Lembro bem que, tão logo aprendi andar com minhas próprias pernas e forças, primeiro me dirigi para o chiqueiro das cabras. Lá enchi a barriga de leite – muito diferente do leite materno, mas um dos responsáveis por eu ter chegado aonde cheguei.
A escola, sempre muito cobrado; cinco anos de Primário (incluindo o Exame de Admissão); quatro anos de Ginasial e mais três de Científico. Dois vestibulares ao mesmo tempo para universidades públicas, e, duas aprovações. Ninguém era aprovado com nota inferior a 5 em qualquer matéria.
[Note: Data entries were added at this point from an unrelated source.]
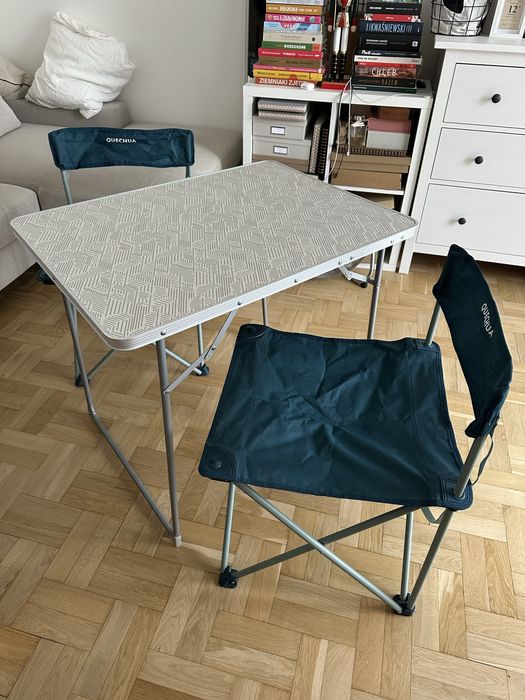Komplet stół oraz 2 krzesła kempingowe turystyczne Decathlon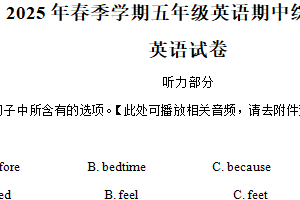 2024-2025学年江苏省宿迁市宿城区译林版（三起）（2012）五年级下册4月期中测试英语试卷（含解析）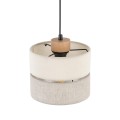 Lampa wisząca ECO gwint E27 moc 15W styl skandynawski klosz tkanina | czarny 5770 TK lighting
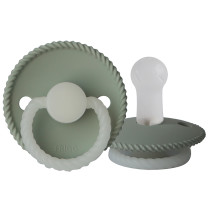 FRIGG Silicone Glow In The Dark Rope Pacifier Size 2 - Sage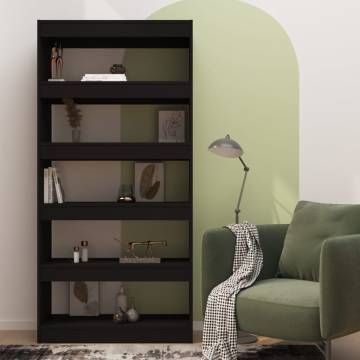 Book Cabinet/Room Divider Black - Stylish & Practical 80x30x166 cm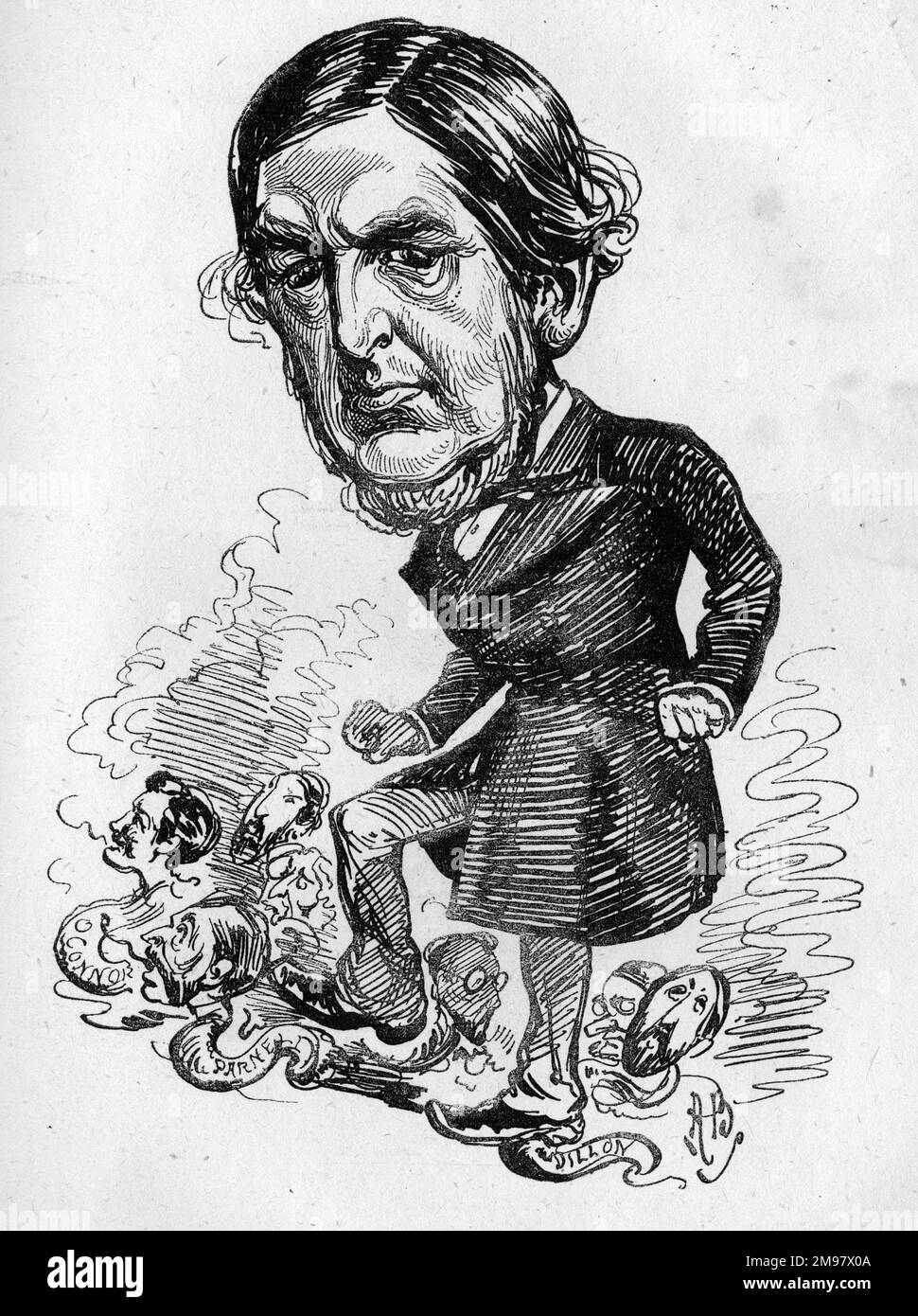 Cartoon of Sir William George Granville Venables Vernon Harcourt (1827-1904), Liberal politician, at this time Home Secretary in Gladstone's government. Seen here stamping out Irish agitators in the form of snakes (a nest of vipers) under his feet. Stock Photo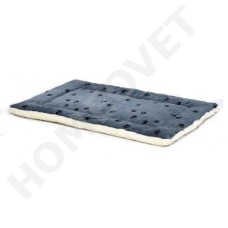 Quiet Time Reversible Dog Bed in Blue/Gray Paw Print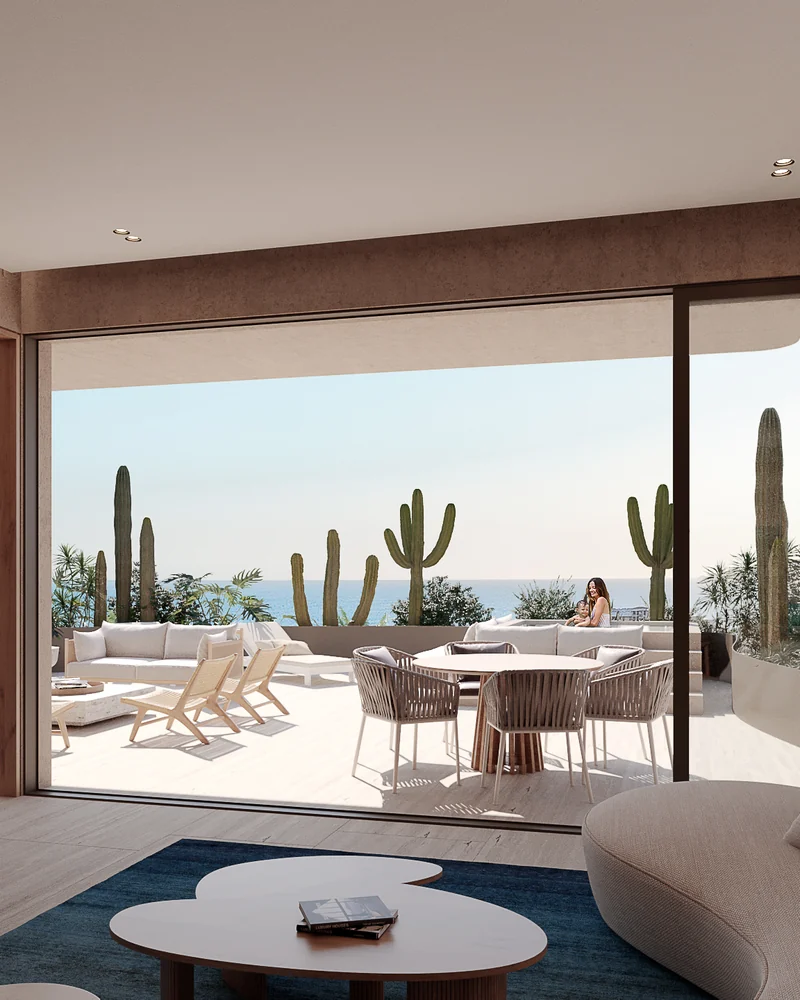 Terrace Residence living room opening onto a garden terrace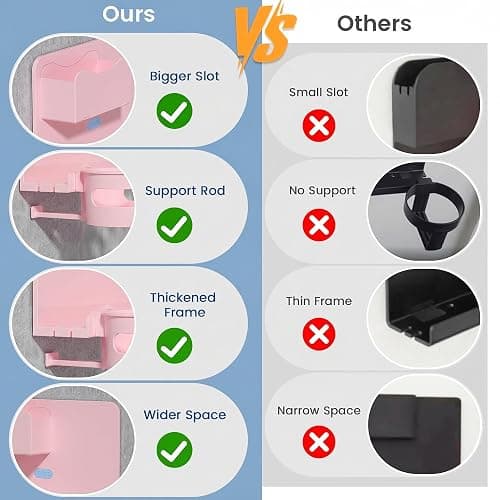 Floating Shelves for Bedside Shelf Accessories Organizer, Wall Mount Self Stick On, Cute Room Decor Aesthetic, Girls Room Decor, Cool Stuff for Bedroom Storage and Organization (Pink) thumbnail 5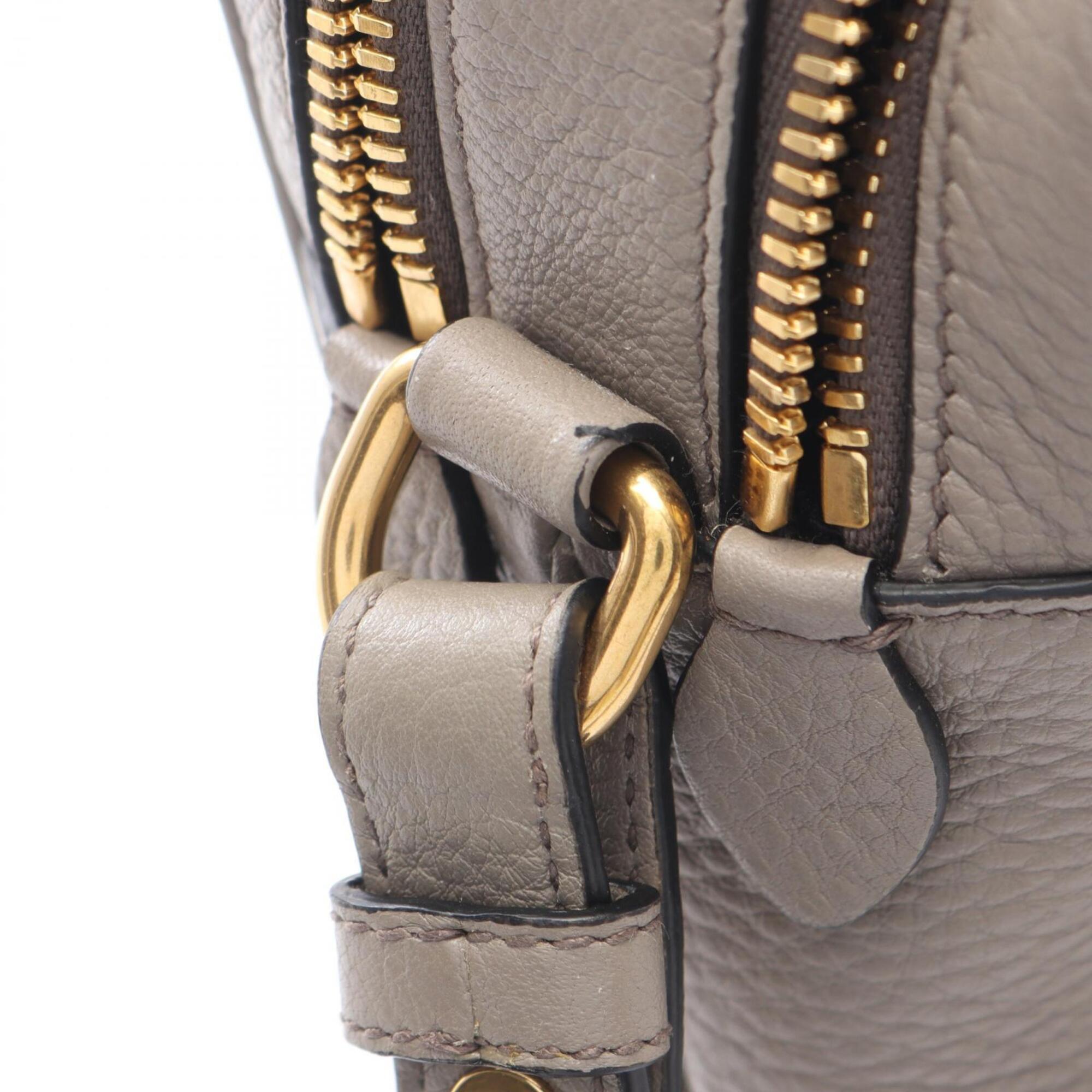 Prada Beige Leather Handbag Shoulder Bag (Pre-Owned)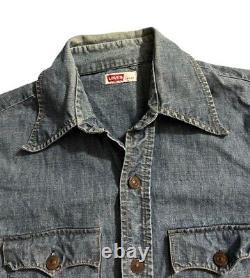 Vintage 70s Levis Orange Tab Denim Chore Work Shirt Mens L USA Made Metal Button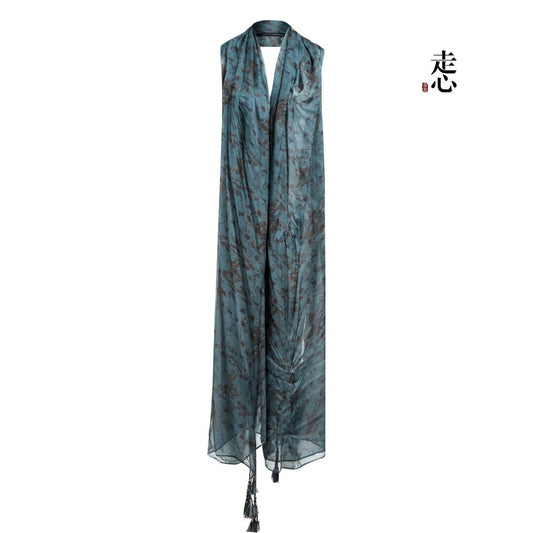 Auspicious Phoenix Gambiered Silk Scarf-26Y16101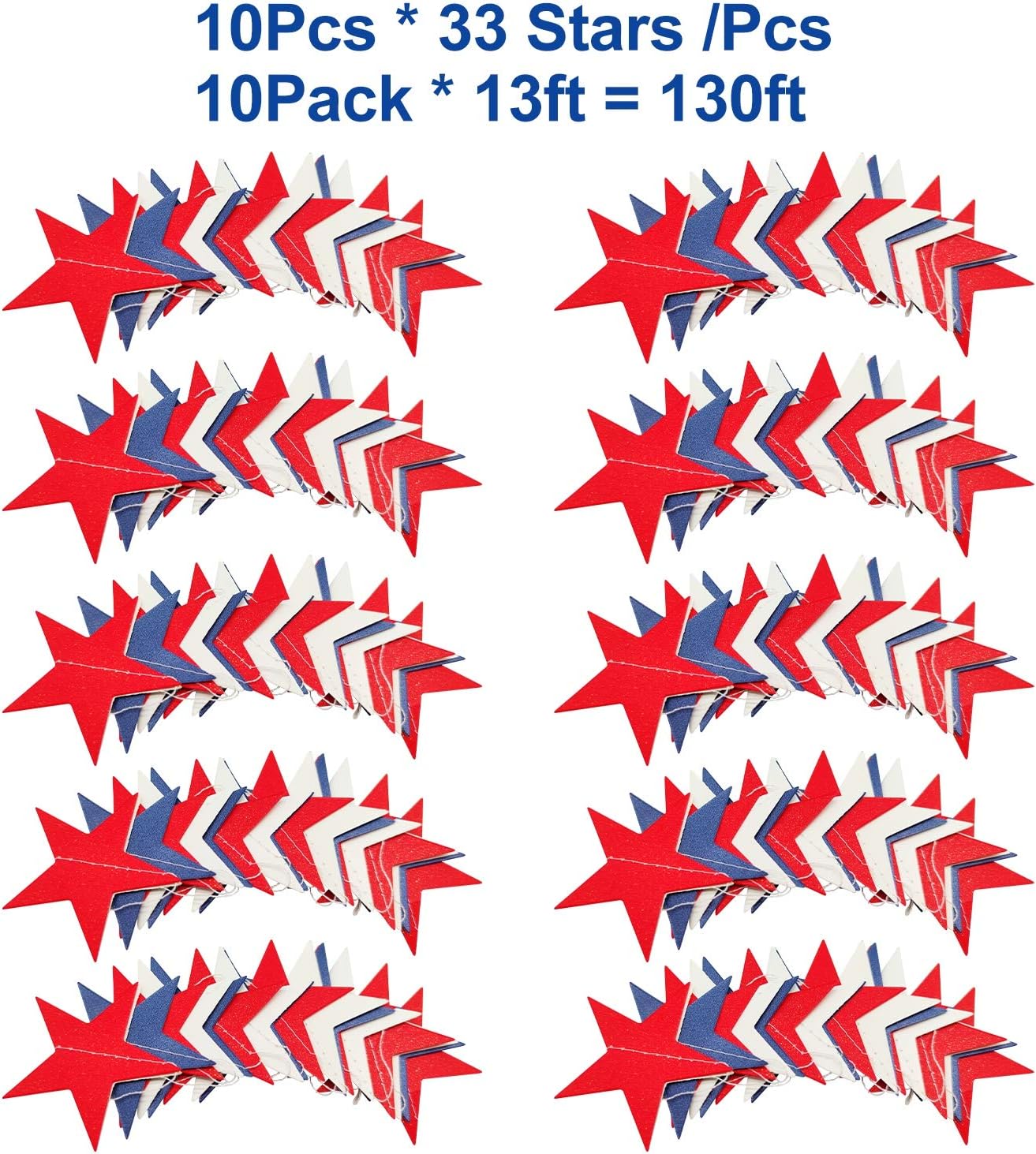 10-Pack Patriotic Star Garland (130ft) - Red, White & Blue 250th Anniversary Streamers
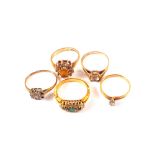 Three 9ct gold stone set rings,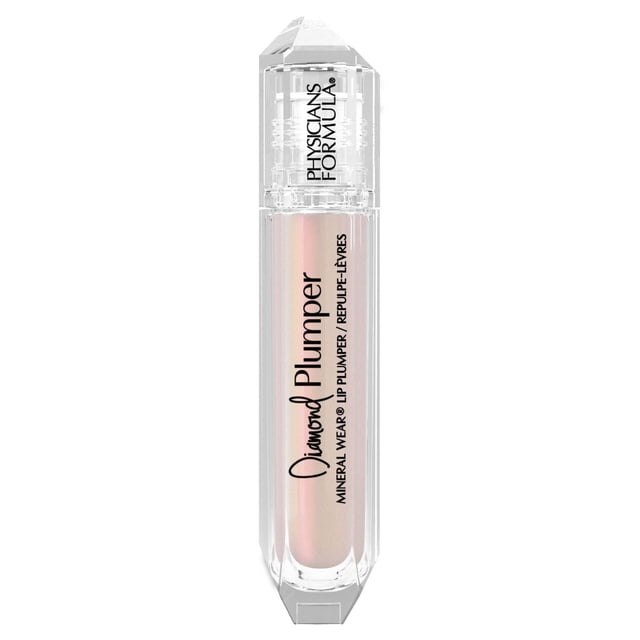 MINERAL WEAR DIAMOND GLOW LIP PLUMPER LIGHT PINK PRINCESS CUT by Physicians Formula, a clear faceted tube containing light pink iridescent lip gloss with genuine diamond dust for ultra-hydrating, plumping, and glossy lips, suitable for sensitive skin and cruelty-free, often used as a hydrating lip serum.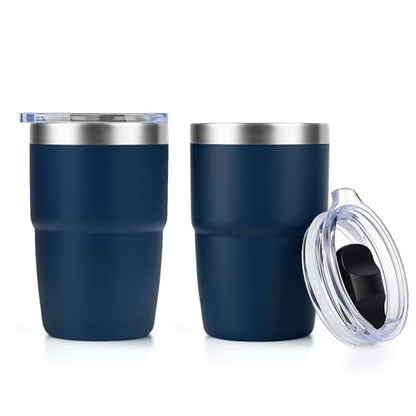 Zenbo 8 oz Stackable Espresso/Coffee Cups with Magnetic Lid, Ceramic-Lined | 18/8 Stainless Steel Mini Tumblers, Double-Wall Vacuum Insulated & Dishwasher Safe for Travel, Office, Navy-2 Pack - color: Navy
O serviço à Pátria; as namoradas; o primeiro emprego na The Western Telegraph Co. Ltd.; a entrega à política ideológica dos anos 60; o sindicalista; o Árbitro de Futebol Profissional; a mudança para o Rio de Janeiro.
O emprego inicial e o enfrentar a vida desconhecida numa cidade famosa e exigente; mais três vestibulares e mais três aprovações; a escolha pela Comunicação Social (deixando de lado Direito e Economia) – Jornalismo.
As novas namoradas; o primeiro casamento e as duas primeiras filhas; a separação e o desquite; novas namoradas e o segundo casamento; mais três filhos. Uma nova vida, novos amigos, novos hábitos e novos objetivos.
Chego hoje aos 74 anos (30 de abril de 1943 – Queimadas, Pacajus/CE), lúcido, tr4ilhando o caminho que os pais ensinaram de forma tão forte a poder enfrentar confrontos com valores de outra época – sem titubear e sem ceder espaço para qualquer cosia que, um dia possa me envergonhar. Ou aos que convivem comigo.
Obrigado Mãe e Pai. Obrigado pelos castigos, pelos limites, pela direção correta apontada e pelas benditas surras que, se fossem hoje, alguns idiotas estariam lhes perturbando.
Eu faria e enfrentaria tudo de novo se possível e necessário fosse – mas tenho consciência que o dia da volta está chegando.
EM TEMPO: meu primeiro presente (recebido da minha também santa Avó), foi uma enxada. Com ela aprendi a valorizar a Terra e o que ela é capaz de fazer por nós (tudo); depois, ainda nos tempos escolares, madeira e serra tico-tico para fabricar meus próprios brinquedos.
Tenho consciência que esses tempos jamais voltarão. Um simples olhar paterno era mais constrangedor que uma surra ou uma semana de castigo. Hoje os filhos (com o reforço e apoio dos conselhos Tutelares), desobedecem os pais e por muito pouco não lhes impõem castigos.